The Inner Product, July 2003
Jonathan Blow (jon@number-none.com)
Last updated 16 January 2004
 
Unified Rendering Level-of-Detail, Part 5 (The Last!)
Related articles:
Rendering 
Level-of-Detail Forecast 
(August 2002)
Unified Rendering LOD, Part 1 
(March 2003)
Unified Rendering LOD, Part 2 
(April 2003)
Unified Rendering LOD, Part 3 (May 2003)
Unified Rendering LOD, Part 4 
(June 2003)
Note: This article is currently missing Figure 2.  
We will attempt to remedy this situation in the future.
This series of articles is about LOD for large triangle soup environments. Such 
environments must be divided into chunks; the biggest issue in this kind of 
system is filling in the holes between neighboring chunks at different levels of 
detail. I fill these holes with small precomputed triangle lists called "seams", 
and earlier in this series I showed how to construct those seams.
In part 3 we saw how to split a single chunk of geometry into two, and how to 
generate the initial seam between them. Last month, in part 4, we saw how to 
split a chunk that is connected via a seam to another chunk, while maintaining 
existing manifolds. I mentioned that this is sufficient to build a chunked BSP 
tree of the input geometry; I showed some code that split the Stanford Bunny by 
arbitrary planes and played with the LOD of the various pieces.
This month I'll begin with that basic premise of building a chunked BSP tree; 
before long we'll be rendering a large environment with this system (and not 
just a bunny).
We'll focus on three major parts of the algorithm: (1) dividing the environment 
into initial chunks, (2) putting those chunks together into a detail-reduced 
hierarchy, (3) choosing which levels of the hierarchy to display at runtime.

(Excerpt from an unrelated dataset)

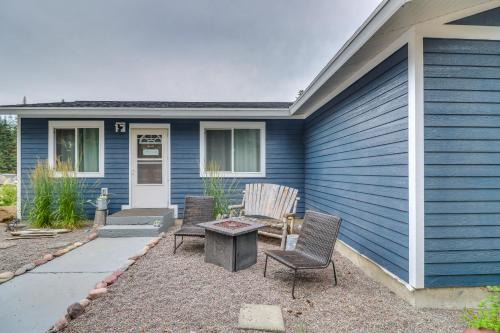 Bigfork House | Bigfork Cottage with Hot Tub about 6 Mi to Flathead Lake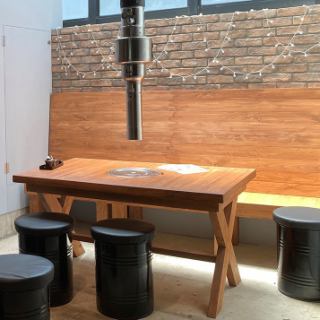 5 seater table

(1) Dividing the environment
We don't want to assume anything about the shape of the environment. Maybe it's 
a big localized block like an office building, or maybe it's a loose set of 
tunnels that curve crazily through all three dimensions. An axis-aligned 
approach to segmenting the geometry, like a grid or octree, would work well for 
the office building but not for the tunnel. The chunked BSP treatment is nice 
because it doesn't much care how pieces of the environment are oriented.
I needed a method of computing BSP splitting planes. Most game-related BSP 
algorithms divide meshes at a 1-polygon granularity, so to acquire a splitting 
plane they pick a polygon from the mesh and compute its plane equation. But 
that's the kind of thing I am trying to get away from -- thinking too much about 
single triangles is a violation of the spirit of the algorithm. I want a more 
bulk-oriented approach, so I statistically compute a plane that divides the 
input into two sub-chunks of approximately equal triangle counts.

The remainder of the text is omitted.